Study Concludes Intercessory Prayer Doesn’t Work; Christians Twist the Results
I was reading an article in Christianity Today
and one of the paragraphs made me do a double-take. I couldn’t believe
anyone was actually writing it… it was incredible how much
fact-twisting was going on.
First, a bit of background.
It’s
no surprise that prayer can have a positive effect on those who believe
in it. If you pray, it can relax you and make you feel better. If you
know others are praying for you — that others care about you — you feel
better and your body might actually respond to that positivity. None
of this has anything to do with a god answering (or even listening to)
the prayers. It functions more like meditation. Prayer can have a
calming, healing effect for those who buy into it.
But what
happens when others pray for you and you are unaware of it? To no
atheist’s surprise, this has never been shown to work.
This idea has been tested repeatedly — usually, the studies have flaws. And even when the results show that the intercessory prayer has no effect on anyone, those who believe in it will look at the hits and ignore (or rationalize) the misses.
Three years ago, a multi-million-dollar, controlled, double-blind study was conducted to test intercessory prayer.
The Study of the Therapeutic Effects of Intercessory Prayer (STEP) found two major results:
1) “Intercessory prayer had no effect on recovery from surgery without complications.”
2) “Patients who knew they were receiving intercessory prayer fared worse.”
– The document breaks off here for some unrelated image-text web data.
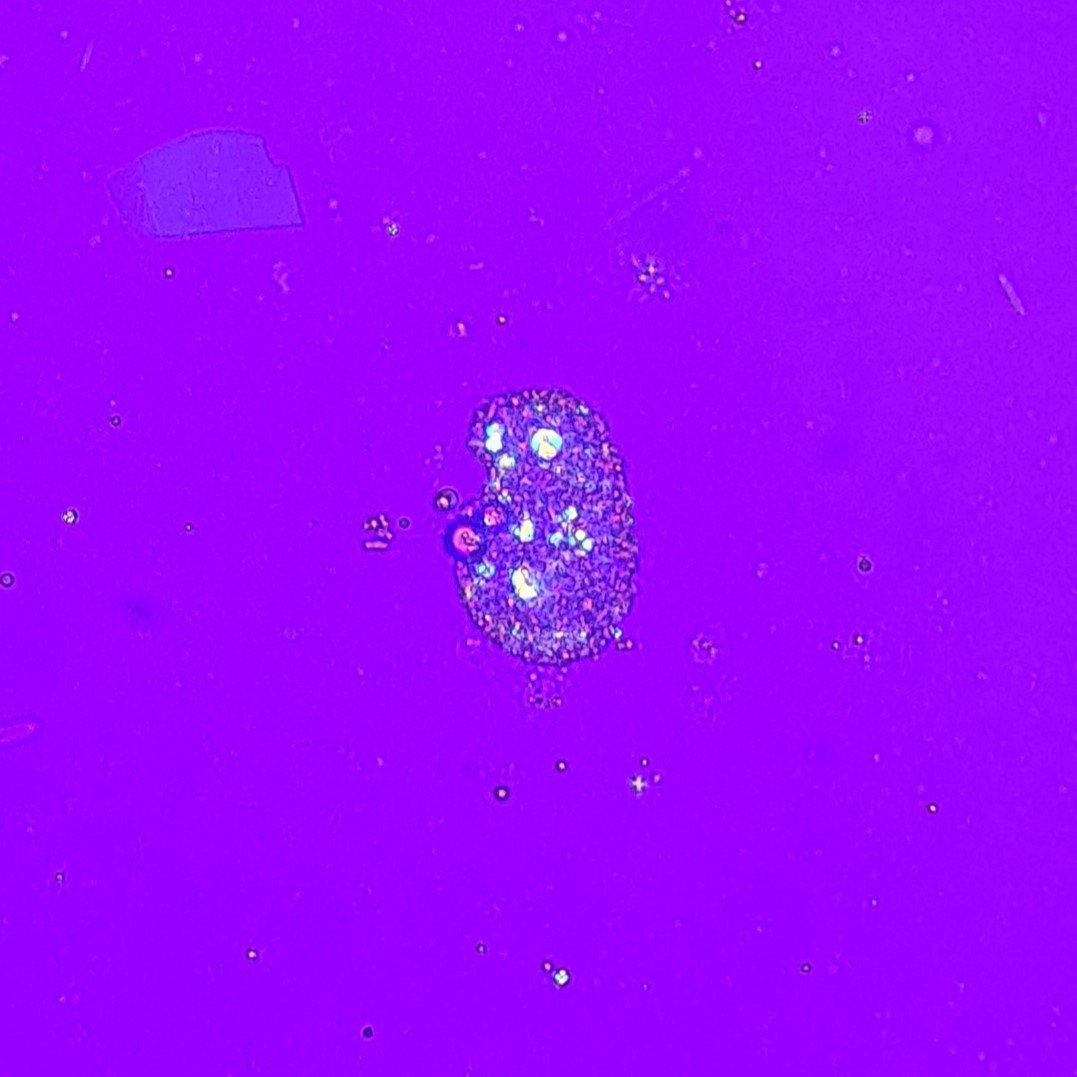 Oval Fat Body in Urine, Polarized. Maltese Crosses can be seen
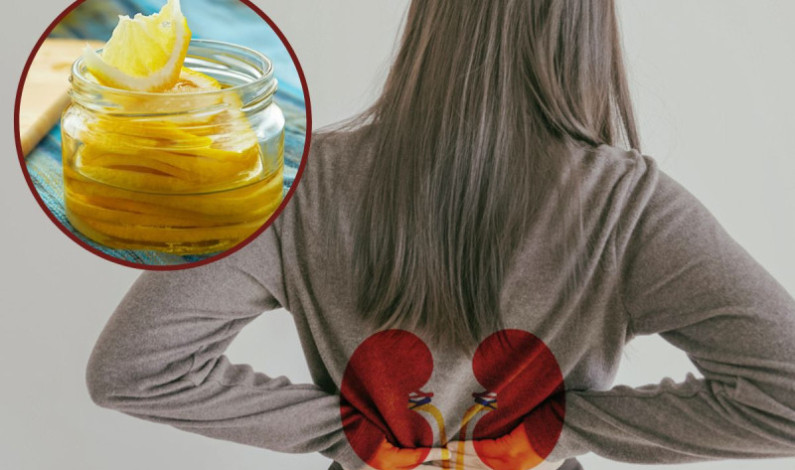 ¿Cómo el jugo de limón afecta los riñones? En especial cuando lo tomas en ayuno ¿Cómo el jugo de limón afecta los riñones? En especial cuando lo tomas en ayuno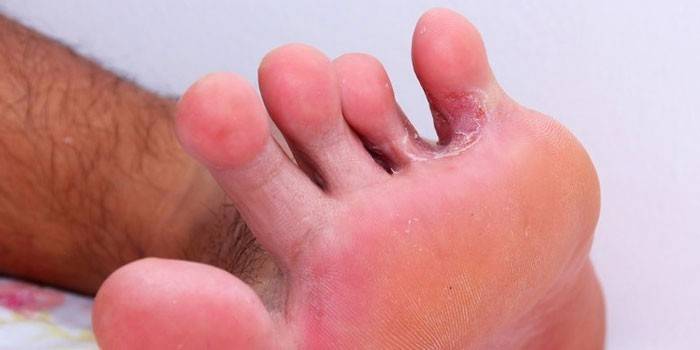 Grzyb Toe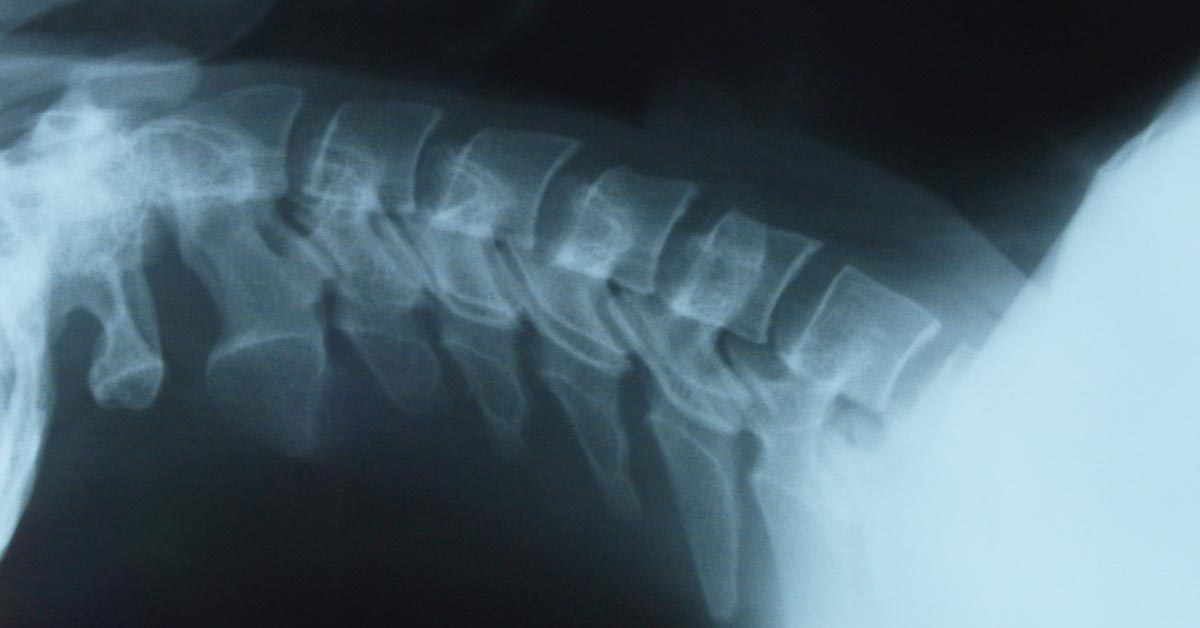 Lincoln Back Pain Treatment without Surgery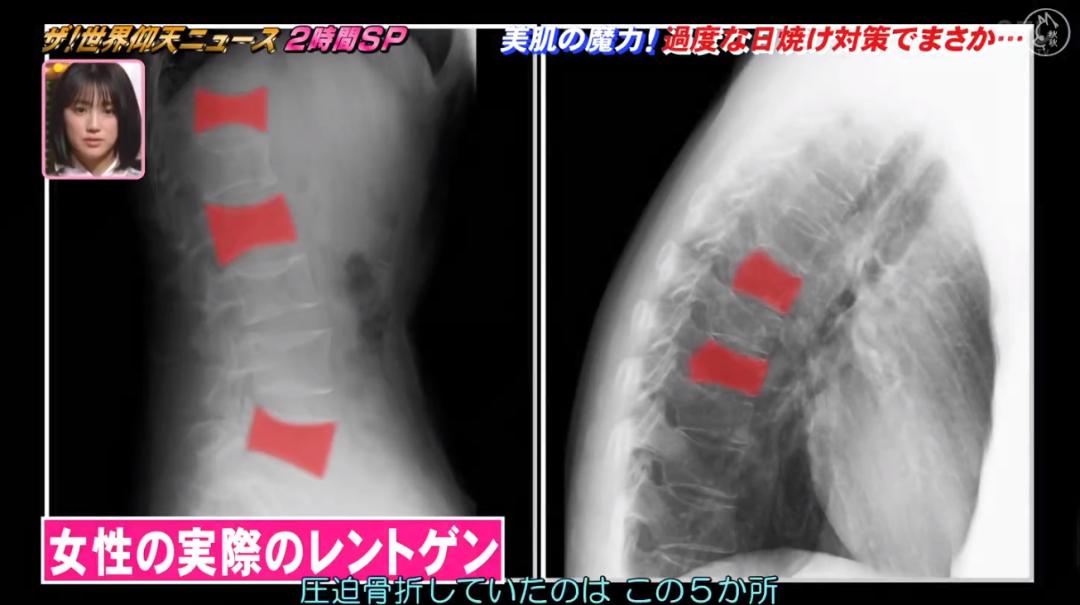 日本漂亮小姐姐不想被晒黑，每天全副武装！2年后身高竟缩水7cm…
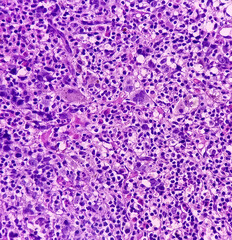 Non-Hodgkin lymphoma(Trephine biopsy tissue). Microscopically show hypercellular cell, megakaryocytes, granulopoiesis with atypical lymphocytic population of cells.
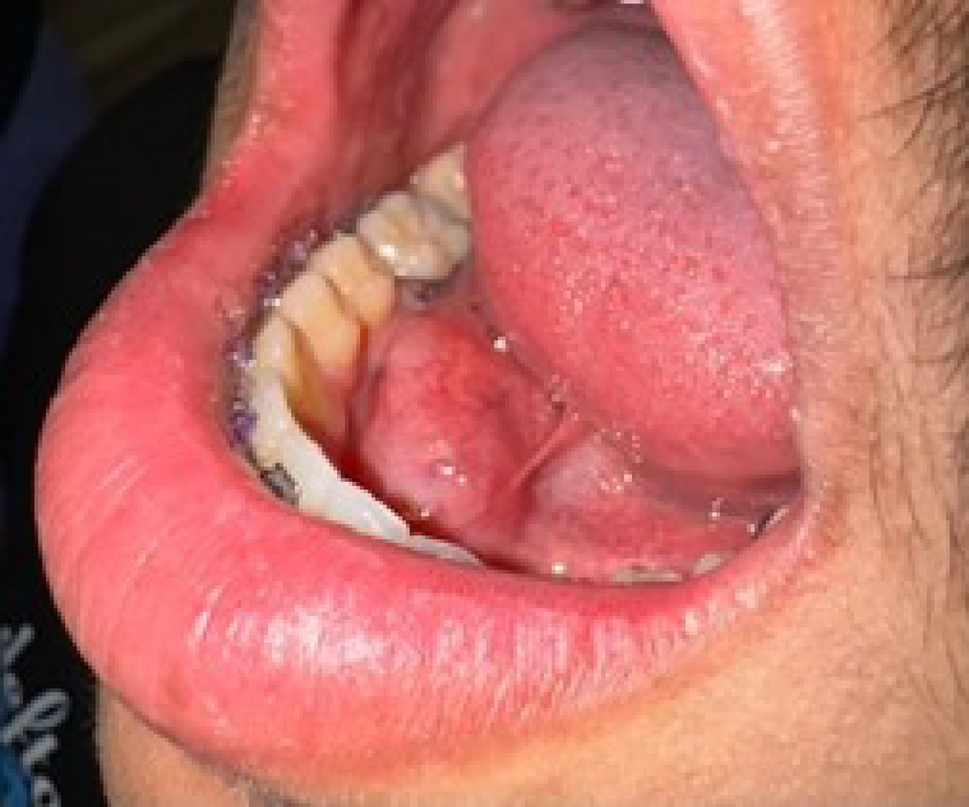 Novel Case of a Molecularly Confirmed Low-Grade Fibromyxoid Sarcoma of the Floor of the Mouth and Literature Review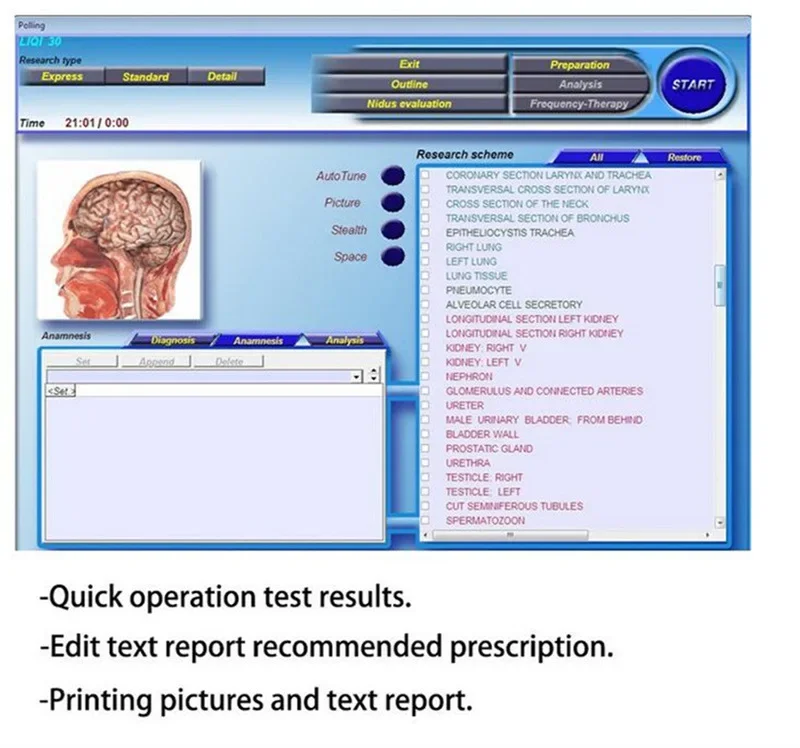 2023년 핫세일 3D NLS 양자 바이오 공명 분석기 자기 공명 검사기 신체 건강 분석기 (소프트웨어 포함)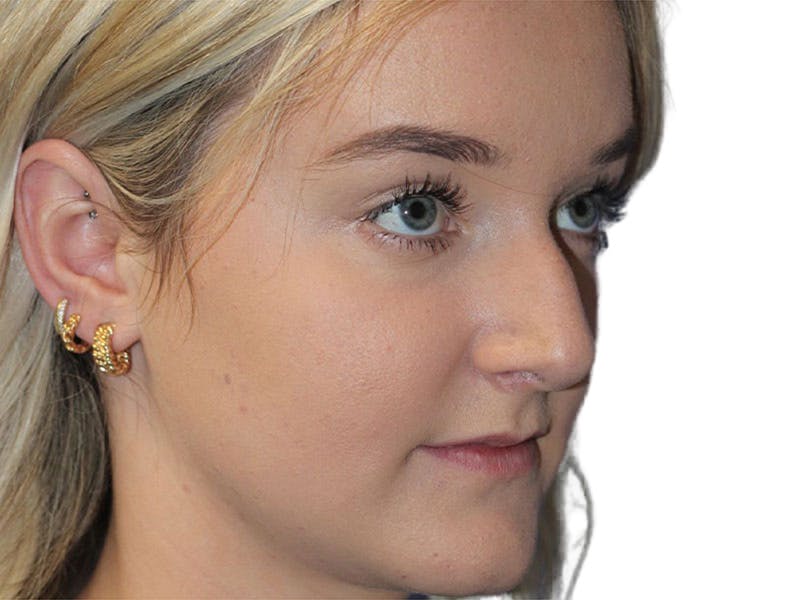 Rhinoplasty Before & After Gallery - Patient 693941 - Image 5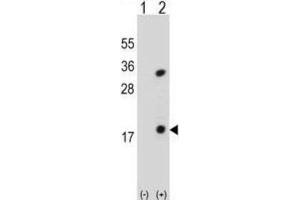 Western Blotting (WB) image for anti-Phospholipase A2, Group IB (PLA2G1B) antibody (ABIN3002154) (PLA2G1B antibody)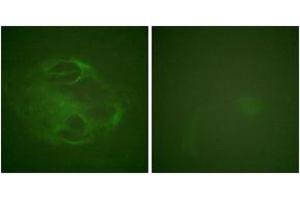 Immunofluorescence analysis of HeLa cells, using HRS (Ab-334) Antibody. (HRS (HRS) (AA 301-350) Antikörper)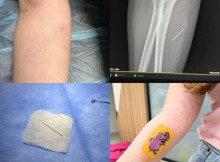 Тиждень з голкою в руці: на Львівщині 13-річній школярці провели операцію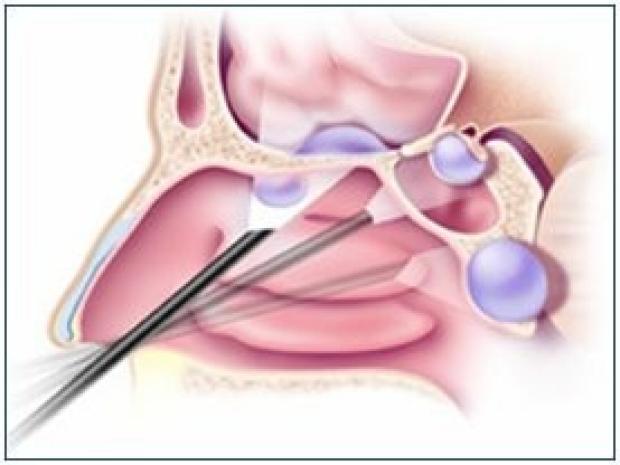 Diagnostic nasal endoscopy being performed in an ENT clinic to assess the sinus drainage pathways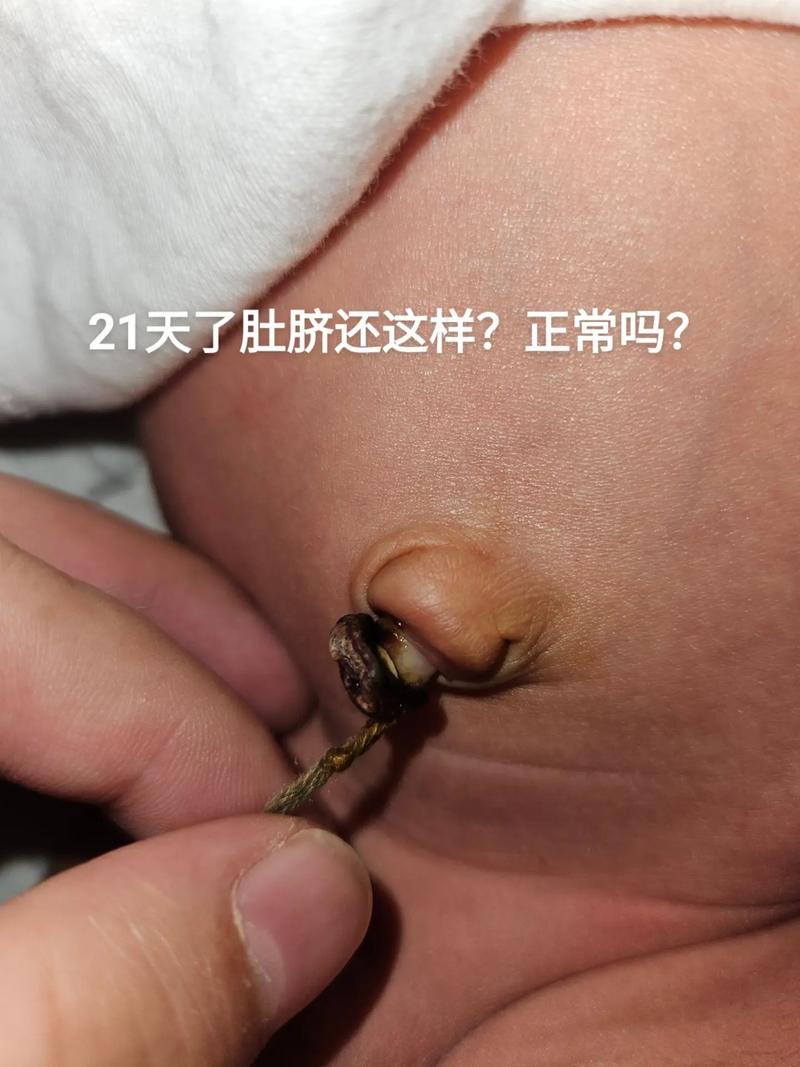 新生儿肚脐有臭味是感染了吗？该怎么护理才能避免问题？-第1张图片-郑州医学网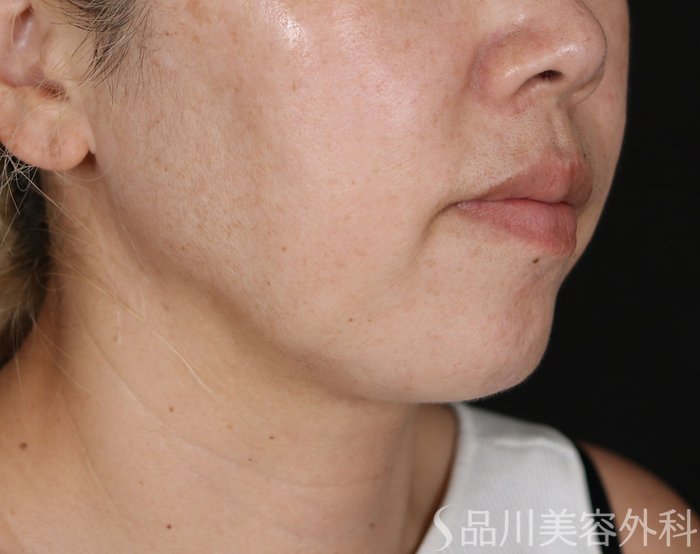 症例NO.71096のBEFORE写真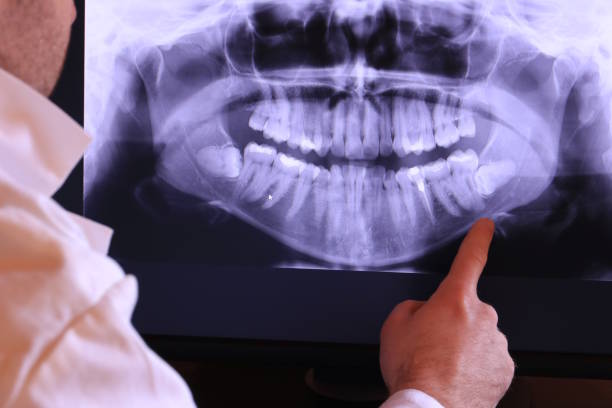 Best Emergency Treatment for Dental Infections or Abscesses in Lufkin, TX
Fared worse?! Even I was surprised by that. So were many Christians — this didn’t sit well with them.
This new article from Christianity Today, though, offers a rationalization I’ve never heard before. You can tell they’re really straining to find a silver lining…
Ironically, STEP actually supports the Christian worldview. Our prayers
are nothing at all like magical incantations. Our God bears no
resemblance to a vending machine. The real scandal of the study
is not that the prayed-for group did worse, but that the not-prayed-for
group received just as much, if not more, of God’s blessings.
In other words, God seems to have granted favor without regard to either
the quantity or even the quality of the prayers. By instinct, we might
selfishly prefer that God give preferential treatment to those who are
especially, deliberately, and correctly prayed for, but he seems to act
otherwise.
True to his character, God appears inclined to heal and bless as many as possible.
So the fact that the prayers had no effect on the sick? Don’t think about that, say Gregory Fung and Christopher Fung,
the authors of the article. Instead, they want you to consider that
prayer works because the un-prayed-for people didn’t die a horrible
death.
That’s one way of ignoring the evidence when it’s staring you in the face.
There’s gotta be a perfect analogy for this somewhere. What comes to mind?